ROANOKE TIMES

                         Roanoke Times
                 Copyright (c) 1995, Landmark Communications, Inc.

DATE: THURSDAY, February 9, 1995                   TAG: 9502100071
SECTION: BUSINESS                    PAGE: B-8   EDITION: METRO 
SOURCE: GREG EDWARDS STAFF WRITER
DATELINE:                                 LENGTH: Medium


PUTTING MONEY ON THE INTERNET

THE DIRECTOR of the Blacksburg Electronic Village sees big returns for small cities by offering the Internet in industrial parks.

A small investment to equip industrial parks with Internet access could pay off big in terms of attracting new industry, director of the Blacksburg Electronic Village said Wednesday.

Andrew Cohill - who heads up the interactive electronic network that links Virginia Tech, homes, schools and businesses in Blacksburg - said companies are looking for communications connections that industrial parks don't offer. Specifically, he said, companies want access to the Internet, the worldwide computer network used by researchers, businesses, governments and the public.

Localities could offer $5 a month Internet access to companies in their industrial parks for an investment of less than $10,000 per park, Cohill suggested. But Western Virginia must act within the next year to 18 months to provide that access if it wants to get a jump on other areas of the country, he said.

Cohill was one of four panelists in the second of a series of dialogues on issues affecting the region sponsored by the New Century Council, a citizens group representing the New River and Roanoke valleys and Alleghany Highlands area. Wednesday's meeting at Virginia Tech's Corporate Research Center dealt with the potential impact of fiber-optics technology on the region's economy.

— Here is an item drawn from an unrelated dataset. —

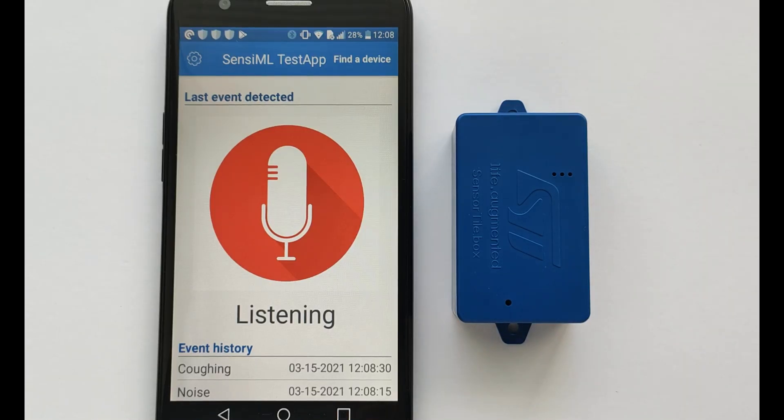After we have flushed our model into the sensor tile box, it is ready for real-life testing. The model will run directly on the sensor tile box to make predictions in real time. We will test the performance of our model by using the mobile version of the SenseML test app, which reads the BLE characteristics from the device and displays the prediction results.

The discussion focused on how the technology can be applied for education and economic development.

To attract more companies, the region needs to keep doing more of what it's already doing, said William Neely, president of Force Inc., a maker of fiber-optics networking devices in Christiansburg. Neely, who joined Force just a year ago, said he was speaking from the perspective of an outsider.

The region has "incredibly competent and well-trained" people for the business Force is in, as well as a good work ethic and low labor costs, Neely said. The quality of life is an asset in attracting good employees from outside the area, he said.

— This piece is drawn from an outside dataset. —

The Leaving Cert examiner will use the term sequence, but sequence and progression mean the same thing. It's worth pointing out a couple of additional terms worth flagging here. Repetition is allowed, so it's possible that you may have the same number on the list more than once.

Efforts under way in school systems to integrate the new communications technology into teaching could attract companies to the area, Neely said.

Neely and other panelists talked about how new computer technology will completely change the way students learn. Rather than being tied to a lecture hall, students will have the information they need when they need it on the Internet.

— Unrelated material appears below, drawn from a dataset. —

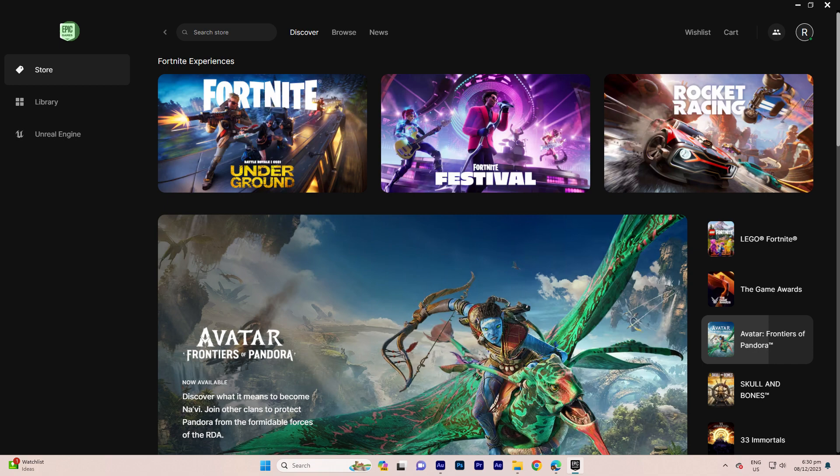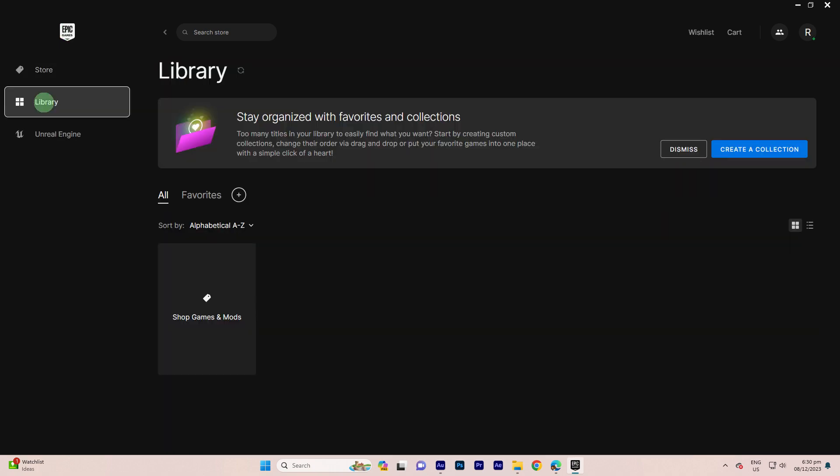Method 1: Refresh Library. Step 1, launch the Epic Games Launcher on your computer. Step 2, click on the Library tab at the left side of the launcher.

The technology will allow students in some school systems to take courses through two-way video that would otherwise be unavailable to them. A group called the New Century Communications Network already is at work linking all the schools in the region with the fiber optics necessary to provide live video services.

Cohill said the National Science Foundation has provided Tech with money to teach public schoolteachers how to use the new technology, and classes already are under way.

Richard Claus, director of the Center for Innovative Technology's fiber-optics research center at Tech, said he suspects schools systems around the country in regions noted for electronics research already are heavily into electronically equipping of their classrooms. "My guess is we have to do quite a lot to stay as far behind as we are now," he said.

Someone asked the panelists if there was such a thing as having too much information and not enough time to think. A business can never have too much information, Cohill said. As for an individual, all he has to do it turn off the computer or the television set, he said.